*ABOUT THIS EXERCISE*. Write the entries out exactly, with the final line being the one containing "Коврик Disney Minnie".

*Recorded data*.
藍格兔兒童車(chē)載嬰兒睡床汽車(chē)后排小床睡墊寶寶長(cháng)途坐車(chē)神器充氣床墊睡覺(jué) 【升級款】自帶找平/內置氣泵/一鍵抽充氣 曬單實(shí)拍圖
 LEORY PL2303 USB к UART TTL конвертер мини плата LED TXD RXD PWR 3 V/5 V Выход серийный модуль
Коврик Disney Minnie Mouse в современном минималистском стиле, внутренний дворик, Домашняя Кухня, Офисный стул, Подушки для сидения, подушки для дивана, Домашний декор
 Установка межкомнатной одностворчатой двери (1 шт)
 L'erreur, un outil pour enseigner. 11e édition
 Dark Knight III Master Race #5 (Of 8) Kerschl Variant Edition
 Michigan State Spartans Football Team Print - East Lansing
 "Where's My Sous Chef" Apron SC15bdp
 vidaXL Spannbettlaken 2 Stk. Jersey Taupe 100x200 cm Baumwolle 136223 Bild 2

*RESULT BELOW*.
藍格兔兒童車(chē)載嬰兒睡床汽車(chē)后排小床睡墊寶寶長(cháng)途坐車(chē)神器充氣床墊睡覺(jué) 【升級款】自帶找平/內置氣泵/一鍵抽充氣 曬單實(shí)拍圖
 LEORY PL2303 USB к UART TTL конвертер мини плата LED TXD RXD PWR 3 V/5 V Выход серийный модуль
Коврик Disney Minnie Mouse в современном минималистском стиле, внутренний дворик, Домашняя Кухня, Офисный стул, Подушки для сидения, подушки для дивана, Домашний декор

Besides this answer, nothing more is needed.